We view the “A6” as a lie detector test for the market. It helps us to identify real, sustainable market advances or declines from computer-driven traps for investors — the latter which are often generated by algorithmic (computerized) trading which now accounts for as much as 80% of daily market volume.
The Asbury 6, as shown below, is currently on a February 21st Negative signal with four of six constituent metrics red or bearish.
It would take four green (bullish) constituent metrics — two more than exist right now — to turn the “A6” back to positive and suggest a new Tactical buying opportunity in the S&P 500.
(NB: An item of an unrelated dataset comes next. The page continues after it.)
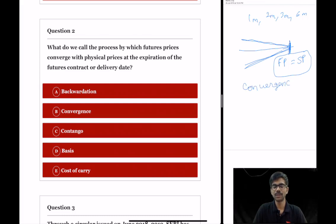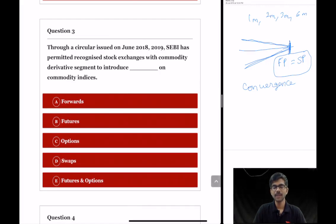This process is called convergence, and the correct option here is option B.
This is particularly important right now because the S&P 500 is at a major inflection point. The chart below shows that the US broad market index rose above major resistance on January 23rd to indicate an emerging major bullish trend change and has since pulled back to retest that breakout area — at 3987 to 3886 — as major underlying support.
A shift back to a Positive, bullish signal in the Asbury 6 would indicate that the internal health of the market has improved enough to signal a new Tactical buying opportunity from this major decision point in the US broad market index.
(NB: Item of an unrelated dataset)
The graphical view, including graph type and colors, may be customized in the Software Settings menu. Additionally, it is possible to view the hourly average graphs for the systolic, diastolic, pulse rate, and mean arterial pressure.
More About The Asbury 6: The Asbury 6, updated daily in our Research Center, is a combination of six diverse market metrics that were combined to look beyond the day-to-day, up-and-down noise of the stock market to determine its real health — in much the same way as a doctor checks the patient’s vital signs during an office visit. The “A6” helps us to identify real, sustainable market advances or declines from computer-driven traps for investors. Four or more metrics in one direction indicate a Tactical bias. The dates in each cell indicate when each individual constituent turned either positive (green) or negative (red). When all Asbury 6 are positive, market internals are the most conducive to adding equities exposure to portfolios.
Asbury Research subscribers can get more detail on our latest analysis, and udates to our quantitative models, by logging into the Research Center.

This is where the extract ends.